Symptoms of a Traumatic Brain Injury

Feb 04

Traumatic brain injury occurs when the brain has sustained damage due to excessive force. This injury is mostly sustained in traffic accidents, sporting activities, slip and fall accidents, and acts of violence on the head. The injury becomes more tragic if the carelessness and negligence of another party is at fault. Those instances are so serious that there are even legal professionals who specialize on them, such as this Panama City personal injury attorney.

Traumatic brain injuries can be classified depending on its severity. It can be mild, moderate, or severe. To know what kind of traumatic brain injury is sustained, an individual can look for the signs listed below.
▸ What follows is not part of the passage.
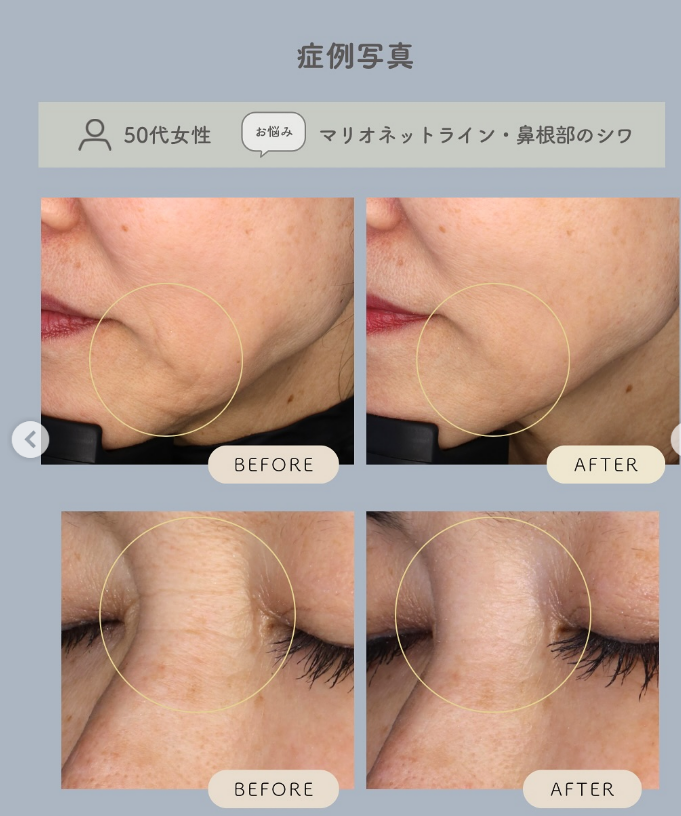 こりゃ凄い　CGスタイラー徹底解説！！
Mild traumatic brain injury
A mild TBI, also commonly called a concussion and a minor head trauma, may occur if the confusion, disorientation, or unconsciousness has lasted for less than 30 minutes. The first signs of a mild TBI are dizziness, headaches, memory loss, nausea, and slowness of thinking.

But even mild traumatic brain injuries have severe effects, such as sensory problems. Victims may suffer from vision problems, hear ringing in the ears, and taste something bad in their mouths. Mental problems are also common on patients. The most common mental problems include irritability and mood swings, difficulty concentrating, sleeping disorders, and feelings of anxiety and depression.
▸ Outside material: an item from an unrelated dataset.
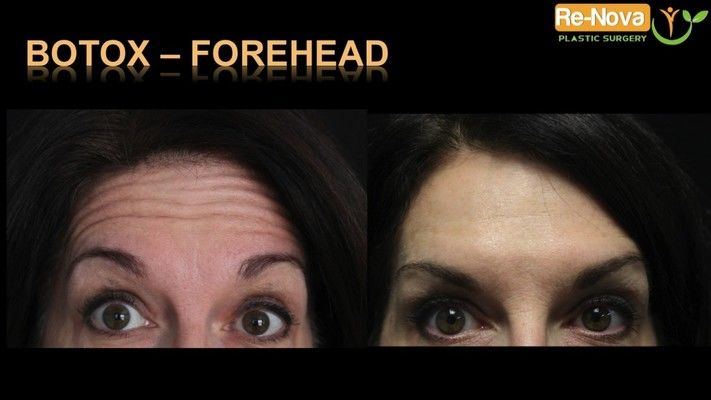 Before and after images of a Botox patient.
Moderate to severe traumatic brain injury
If a person has been unconscious for about 20 minutes to 6 hours, he or she may have suffered a moderate traumatic brain injury. The injury sustained may be considered severe if the unconsciousness has lasted more than 6 hours.

Moderate and severe TBI share the same entry in this list because their symptoms are mostly the same. The only difference is their severity.
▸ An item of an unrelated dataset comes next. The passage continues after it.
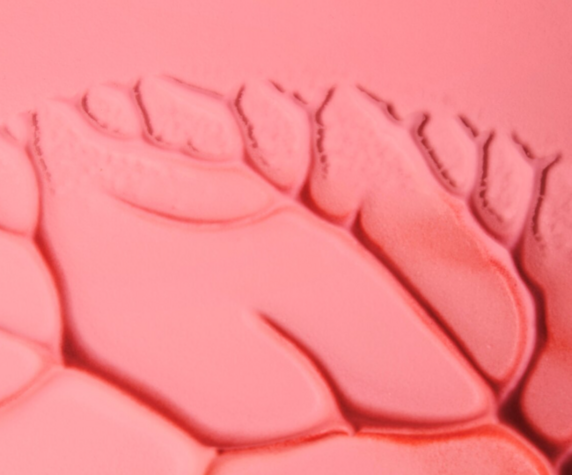 Почему возникает диабетическая язва?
The physical symptoms of moderate to severe TBI are the same as those from mild TBI, but on a more serious level. Dizziness and nausea may result into vomiting, headaches become persistent, and the patient may experience seizures. The patient may also have body coordination problems, or worse, physical paralysis.

The sensory problems associated with these kinds of TBI are also more serious. Partial or total loss of vision, hearing, sense of smell, and sense of taste are not that uncommon. There may also be difficulties in reading, writing, and speaking.